> _Given records_
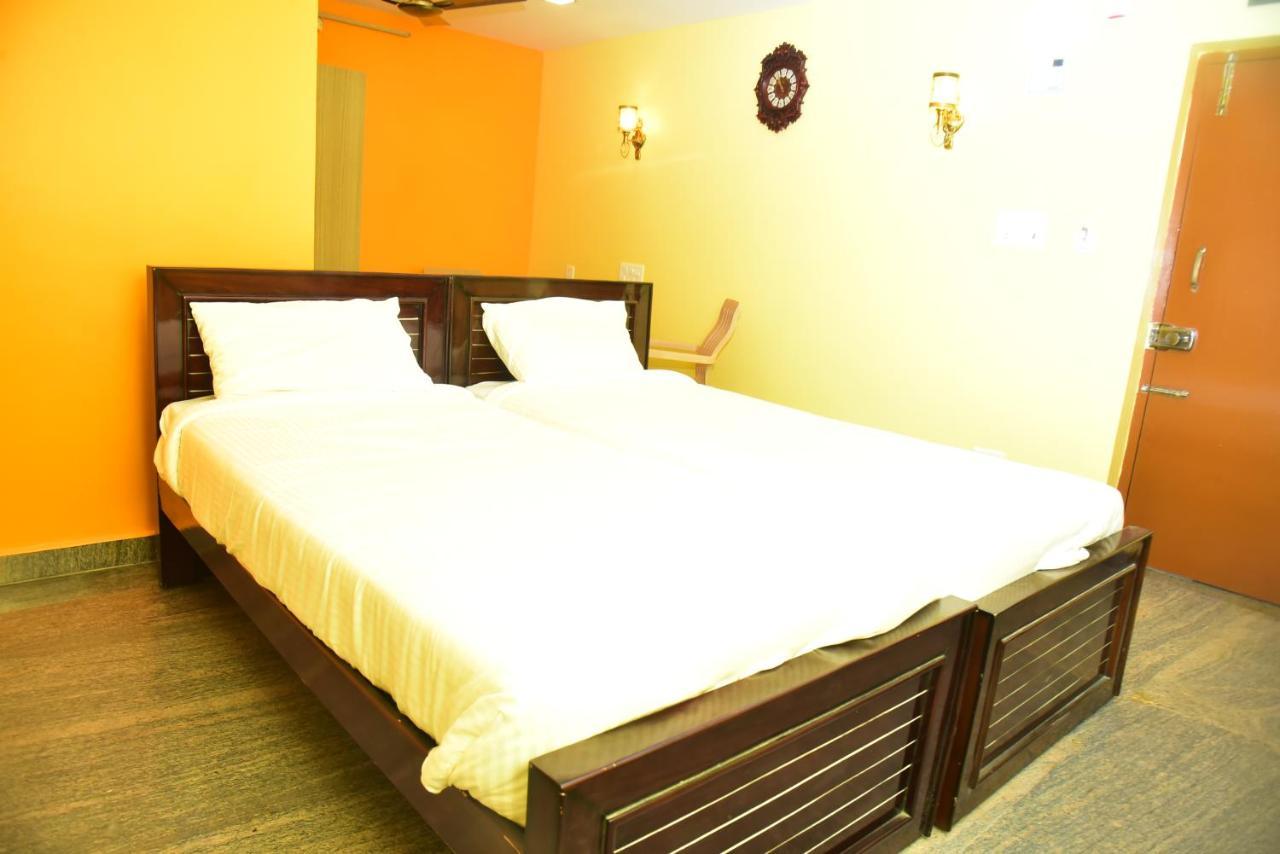 Sai Sadhan Residency Chittoor Eksteriør bilde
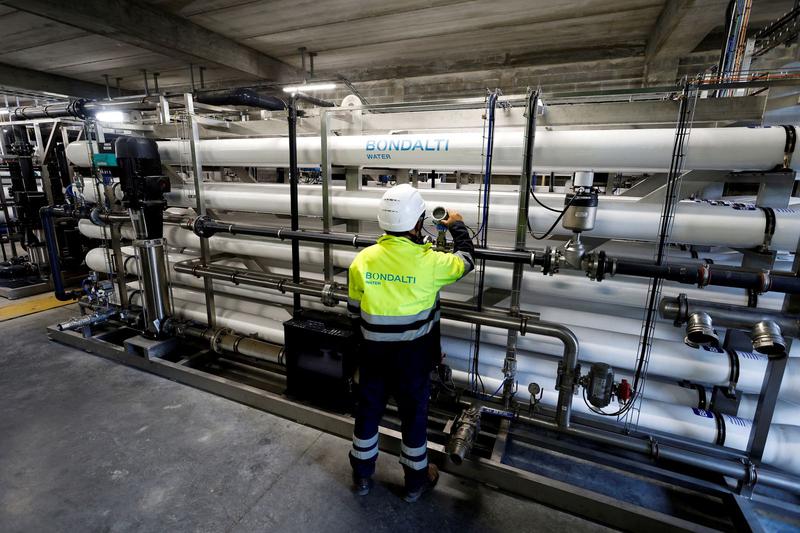 A worker at Bondalti Water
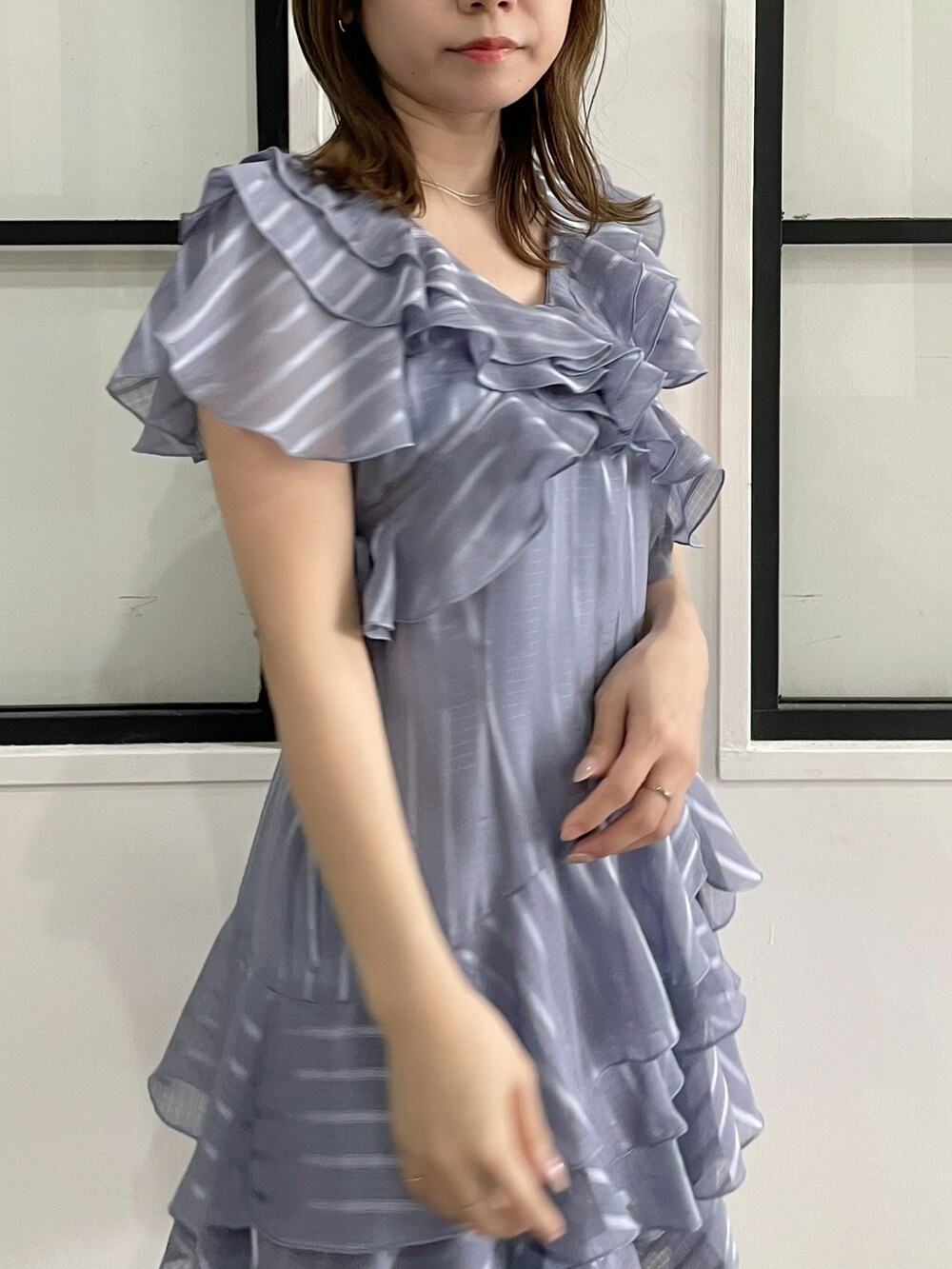 ブルー系のワンピース、ホワイト系のサンダルを着用したレディースの夏コーディネートの8枚目の写真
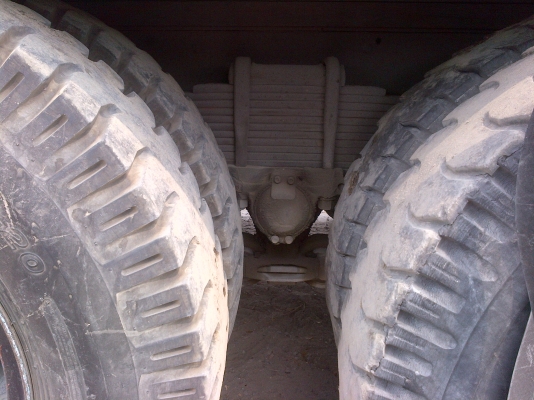 อีซูซุ 175 เพลาเดียว 450,000 บาทติดต่อ 090-6208746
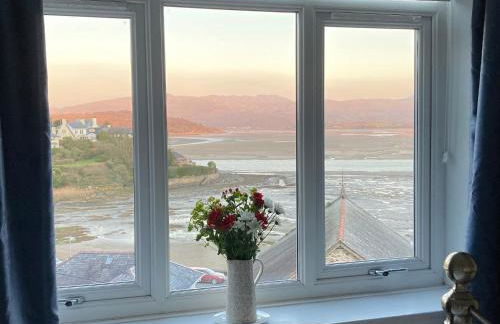 Bryn Gwyn, Sleeps 8, Sea Views, Borth y Gest - Photo 13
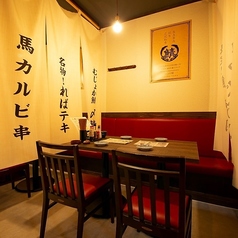 4名様テーブル席は全3卓。ご家族でのお食事や、ご友人・同僚との飲み会にも最適なお席です。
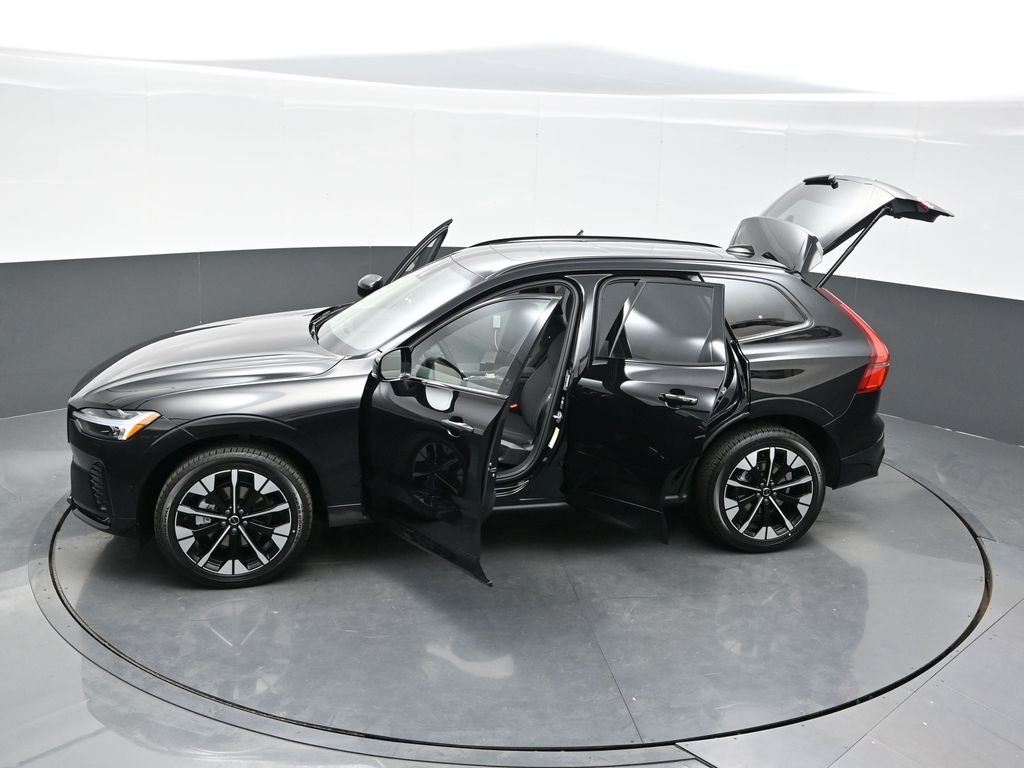 2026 Volvo XC60 Plus - Photo 27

> _What is needed_
All records above are to be repeated exactly, with the images left out.

> _Problem solution_
 Sai Sadhan Residency Chittoor Eksteriør bilde
 A worker at Bondalti Water
 ブルー系のワンピース、ホワイト系のサンダルを着用したレディースの夏コーディネートの8枚目の写真
 อีซูซุ 175 เพลาเดียว 450,000 บาทติดต่อ 090-6208746
 Bryn Gwyn, Sleeps 8, Sea Views, Borth y Gest - Photo 13
 4名様テーブル席は全3卓。ご家族でのお食事や、ご友人・同僚との飲み会にも最適なお席です。
 2026 Volvo XC60 Plus - Photo 27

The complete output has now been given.